The U.S. pastor of five of the 10 Americans who are scheduled to appear in a Haitian court today to face child trafficking charges said the missionaries were there to help children, not kidnap them.
"I can assure you that the intent of our group going down there had absolutely nothing to do with kidnapping and everything to do with helping a desperate situation in Haiti," the Rev. Clint Henry, from the Central Valley Baptist Church in Meridian, Idaho, said on "Good Morning America" today.
The 10 Baptist missionaries said they were attempting to bring 33 Haitian children to an orphanage across the border in the Dominican Republic when they were arrested Friday night at a border crossing.
"They were arrested on the border with children that were not theirs, and that they had no papers for," Haitian Prime Minister Jean-Max Bellerive told ABC News. "For me, it's not Americans that were arrested, it was kidnappers that were arrested."
Henry said he spoke to the missionaries Friday night before they tried to cross the border and they told him there was some confusion over what paperwork they needed to bring the children into the Dominican Republic.

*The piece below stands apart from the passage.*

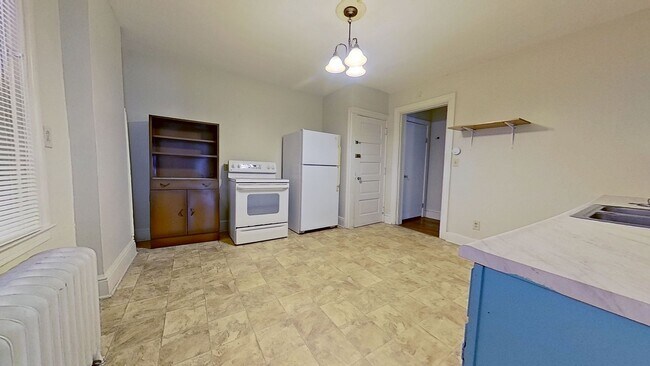 Building Photo - Spacious 1 Bedroom Apartment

"[They] indicated to me they were doing everything they could to work with the authorities to have the right paperwork and that became one of their frustrations -- not understanding everything they needed to have," Henry said.
Some of the children were apparently not orphans, said George Willeit of SOS Children's Villages, an nongovernmental international group.

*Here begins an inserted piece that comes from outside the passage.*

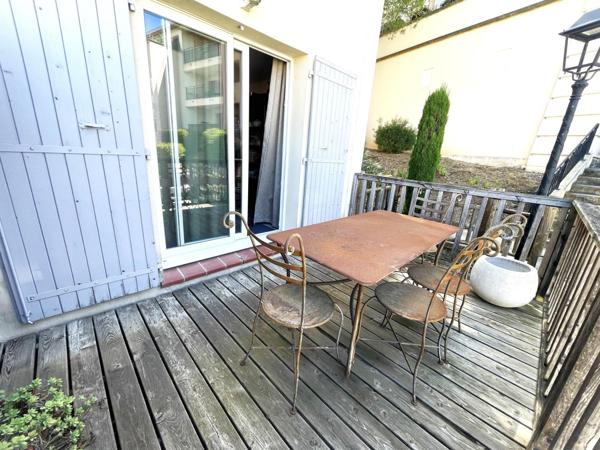 Maison 3 pièces avec extérieur domaine de Pont Royal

"We already know that some of these children still have parents because an elder girl, maybe 8 or 9 years old, told us crying, 'I am not an orphan. I do have my parents. I thought I was going to boarding school or to a summer camp,'" Willeit said.
Henry said that the situation was "as much of a surprise to me as anyone else.
"The last that I knew is that we were working with a pastor who was dealing with an orphanage there, and I don't know any other information beyond that," Henry said.
The Americans are being held in a police station near the airport at Port-au-Prince, the Haitian capital, and have been visited by U.S. officials, according to a statement by the U.S. Embassy in Haiti.
"We came here simply to help these children, and we went to the border based on the approval of the Dominican government to take the children into the Dominican Republic and the pastor entrusting these precious children to our care because his orphanage collapsed and his churches collapsed, and he had nowhere for these children to go," the group's spokeswoman, Laura Silsby, said.
"In this chaos the government is in right now, we were just trying to do the right thing," she said.
When asked about the charges against them, several in the group simply responded to ABC News, "Philippians 1." The Bible's first chapter of Philippians chronicles the apostle Paul's time in prison for preaching the gospel.
Pastor: 'It Probably Comes Down to Paperwork'
The parents of one of the jailed missionaries begged for compassion.
"Natural disasters can bring out the worst in people, but they can also bring out the best in people, and that's what our daughter … and the entire team were hoping to do," Mel Coulter said.
Coulter's daughter, Charisa, is a diabetic and was released from jail long enough to go to the hospital and is said to be doing fine now.
The detained Americans are the first to be charged in connection to child trafficking since the country's devastating earthquake Jan. 12. The quake reportedly affected around 3 million children, in many cases separating them from their parents and leaving many vulnerable to traffickers.
"We have concerns about traffickers, we have concerns about pedophiles," State Department spokesman P.J. Crowley said at a briefing last week. "We've seen a couple of cases of those in recent days. So this is just something we are working collectively with those organizations that are actively trying to help children, people on the ground, be alert for this kind of danger."